The three horses belonged to the Harris family who lived in the house at 5th and Oak.  They were penned on the opposite corner, but had access to a large open area up to 7th Street.  This was also a favorite area for the neighborhood gang.
    Old Spot was an aging pony that bore the markings of his name, and was blind in one eye.  Being youngsters, we (the neighborhood gang), would jump aboard Spot bareback, several at a time.  Giving him a swat he would reluctantly move a few feet.  More swats assuredly produce bucking which generally threw the unwanted riders to the ground.  If that tactic failed, he would move up against the fence and in the scramble to protect our legs rid himself of the unwelcomed guests.

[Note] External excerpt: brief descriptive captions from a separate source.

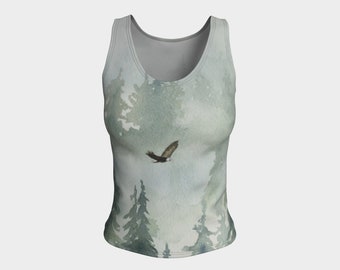 Eagle Tank-Top T-Shirt featuring a bald eagle flying over a misty forest, West Coast inspired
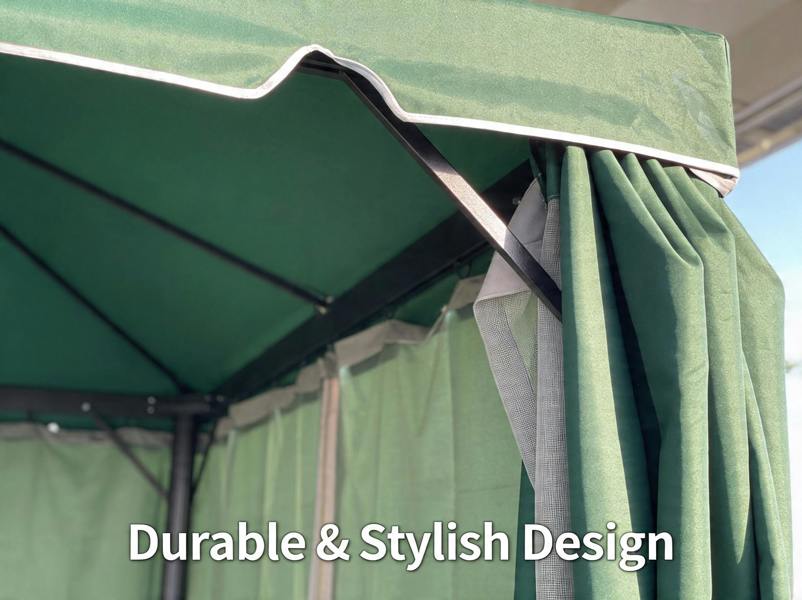Shatchi Green Gazebo with Nets Aluminium Frame and Powder coated Steel Roof,3x4x2.75m
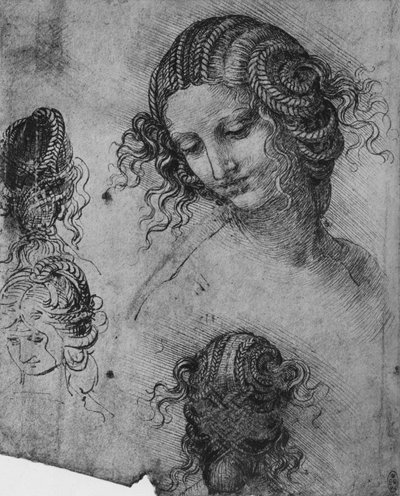 女の頭と髪形の研究、c1480 1945 作： Leonardo da Vinci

    Lady was a beautiful palomino.  She once took a bite at this writer's back.  I was sure the wetness on my tee shirt was my blood spilling as she gave me a pretty good nip.  Luckily I found out that horses slobber a lot and no real harm was done.  I got to the meadow the afternoon of the birth of Blaze on Flag Day and witnessed his first attempts at standing.  I remember the huge (to a youngster) amount of afterbirth which was quickly drawing swarms of flies.  Blaze was the pride of the neighborhood.
    One of my final memories was the day Lady was hit by a bolt of lightning.  She was taken to the Harris garage where she finally expired.  I did not wait around for the rendering truck.  It was a very sad event for the entire neighborhood.  After that time, Blaze and Spot were moved and the land cleared to build a retirement home for the Stewarts.